A
researcher at Akamai posted a blog about the new trend of proxy jacking, where
criminals sell users' bandwidth to third-party proxy services. Proxies and
stolen bandwidth have always been popular with cybercriminals, as it allows
them to anonymize their traffic. What is new now is the campaign of criminals
renting out Bandwidth from compromised systems to monetize it rather than just
using it. Active financially motivated campaigns target vulnerable SSH servers
to secretly ensnare them into proxy networks. Researchers became aware of this
campaign when they noticed an attacker making multiple SSH (Secure Shell)

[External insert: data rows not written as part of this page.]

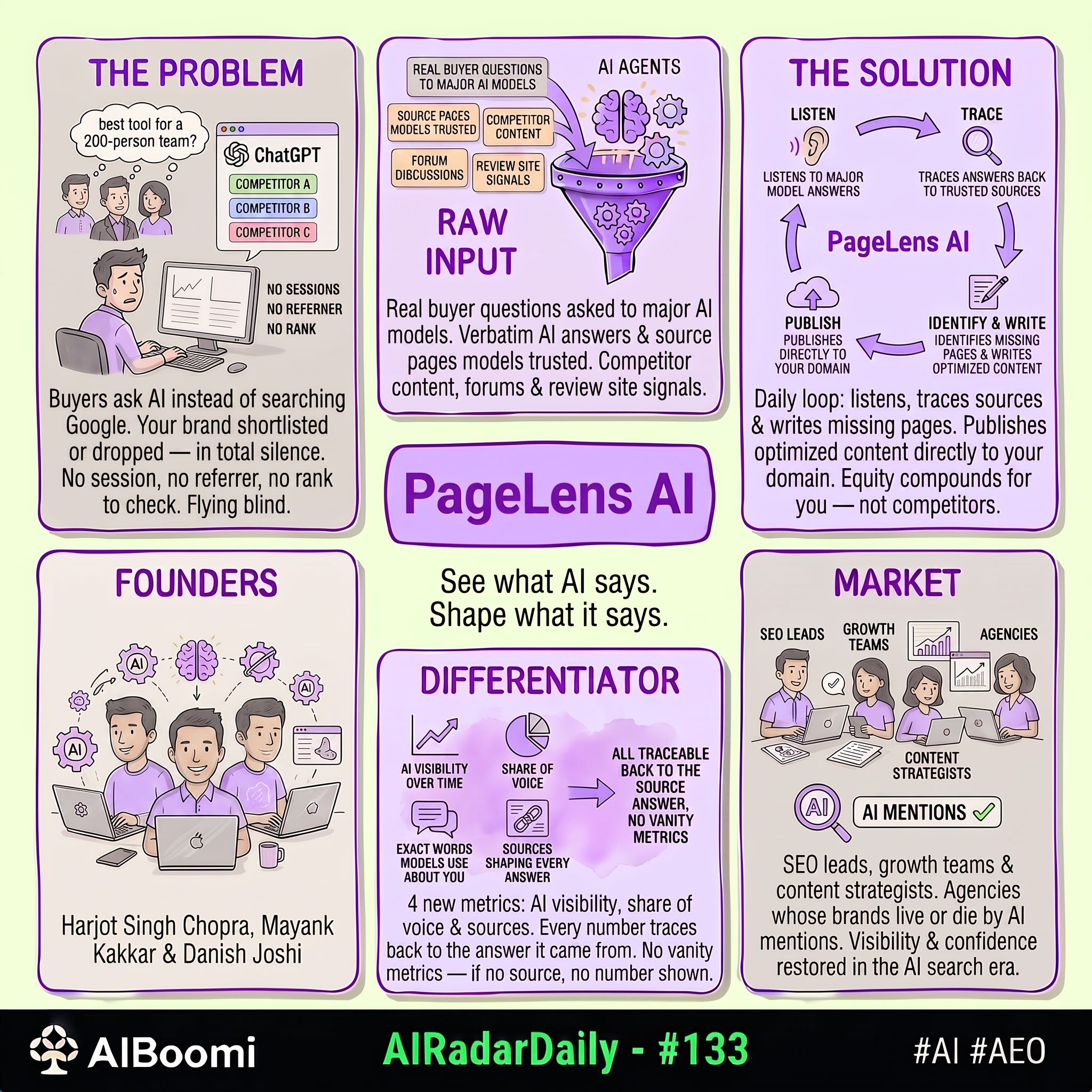 #133: #AIRadarDaily — PageLens AI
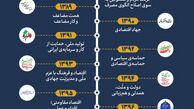 نامگذاری سال ۱۴۰۱ به‌عنوان سال « تولید ، دانش‌بنیان و اشتغال‌آفرین » از سوی رهبر انقلاب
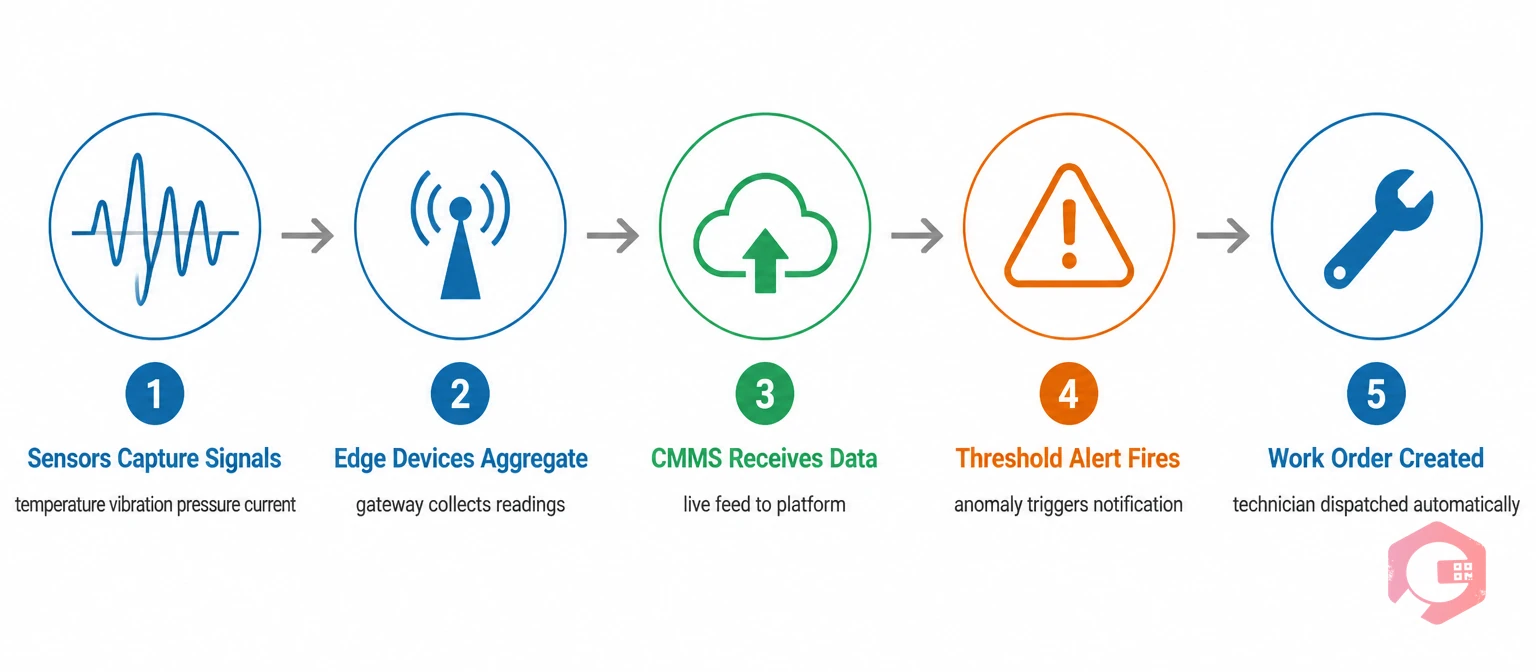 How IIoT sensors enable predictive maintenance — sensor to CMMS to work order flow diagram | Cryotos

connections to one of Cowrie's honeypots. Cowrie is a medium to high
interaction SSH and Telnet honeypot designed to log brute force attacks and shell
interactions made by attackers. It can be used to emulate a UNIX system in
Python, and serve as an SSH and telnet proxy to observe attacker behavior to
other systems.
In
contrast to cryptojacking, where compromised system resources are used to
illegally mine cryptocurrency, proxyjacking offers the ability for threat
actors to utilize the victim's unused bandwidth to covertly run different
services as a P2P node. This provides the advantage of not only allowing
attackers to monetize the extra bandwidth with a significantly reduced resource
load required to perform cryptojacking, but also reduces the likelihood of
being discovered.
In
June 2023, Akanamai discovered the latest campaign and said that this activity
was designed to break into vulnerable SSH servers and used a Bash script, also
equipped to fetch the necessary dependencies from compromised web servers,
including the curl command line tool by disguising it as a CSS file
("csdark.css"). The script then actively seeks out and terminates competing
instances running bandwidth-sharing programs, before launching a Docker service
that shares the victim's bandwidth for profit. For criminals, the beauty of
these attacks is that most of them are file-less and the files actually used,
namely curls and public Docker images for the Peer2Profit and Honeygain proxy
monetization services, are legitimate and will not be detected by anti-malware
solutions. Proxyjacking is much less likely to be detected than cryptojacking
as it only requires minimal CPU cycles and uses excess Internet bandwidth.
These
seemingly legitimate services can be used by criminals on both sides, either to
anonymize their activities or sell other people's resources, we'd rather see
them disappear altogether, but they should at least improve their customer and
participant verification. As for how home users can protect themselves from
proxyjacking, it is by keeping systems and software up to date and using
effective and secure password strategies. Akanamai also added that this
campaign we saw the use of SSH to gain access to servers and install Docker
containers, but previous campaigns also exploited web vulnerabilities. If you
check for running local Docker services and find unwanted resource sharing on
your system, you should investigate the intrusion, determine how the scripts
were uploaded and executed, and perform a thorough cleanup.